MODEST Army medic Kate Roberts has described helping a doctor carry out a roadside operation on a crash victim as "nothing special".

The Army reservist said she had only done what she’s been trained to do when she and members of her squadron stopped to assist three people injured in a two-car crash on the A470 between Brecon and Felinfach.

The soldiers had been travelling in a convoy, from the Sennybridge Army Camp, when they were they came across the two car crash.

Kate, a lance corporal with the Royal Welsh Transport Regiment, had been travelling back to Queensferry, North Wales with other members of regiment’s 398 Squadron and arrived at the scene of the crash near the Hay Road junction before any of the emergency services on Sunday, March 20.

Three people had been injured in the afternoon crash, a woman who was in shock, a man with chest injuries from an airbag and the man who was conscious but with serious injuries.

Two doctors, who’d been passing, had already begun treating the man who suffered serious injuries but let mum of one Kate take over his care due to her knowledge and experience of dealing with serious trauma.
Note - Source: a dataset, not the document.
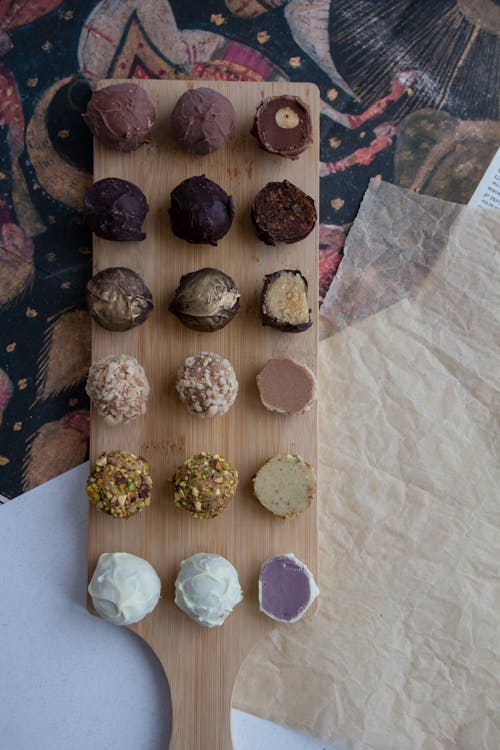 Homemade Chocolate Sweets on Wooden Board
When paramedics and a flying doctor arrived they had to carry out an emergency operation, under general anaesthetic, on the man and Kate assisted them.

Kate, who stayed with the man until he was airlifted to hospital, said: "I don’t think I’ve done anything special. I came across an accident and did what I was trained to do. I’ve been a trained combat medic for 10 years.

"I just did what I’m trained to do and then came home to be a mum," said Kate who works as a recruiter for the Army Reserve and also completed a tour of duty of Iraq in 2007.

"I live with my mum and daughter and when I came home I said ’I’m sorry I’m a bit late, there was an accident on the way home and we had to sort the kit out’. She was like ’ooh well’ and then I went for a shower."

Kate, who had been driving the Army Land Rover back after a weekend training exercise at Sennybridge, said her commanding officer Trevor Speed, a civilian police officer, took charge and began directing traffic.

"We thought there was a speed camera as three cars passed us and flashed us. When we got there I thought ’ooh my God it’s not a speed camera’ and there were no emergency services on the scene.

"Our Commanding Officer, Trevor Speed, is a civilian police officer and he just took control of the scene and I went straight in to see the people in the cars.

"I’ve been on a tour of duty as a medic in Iraq in 2007 so have treated people with serious injuries."

The lance corporal has been recommended for a formal recognition from her regiment for her actions.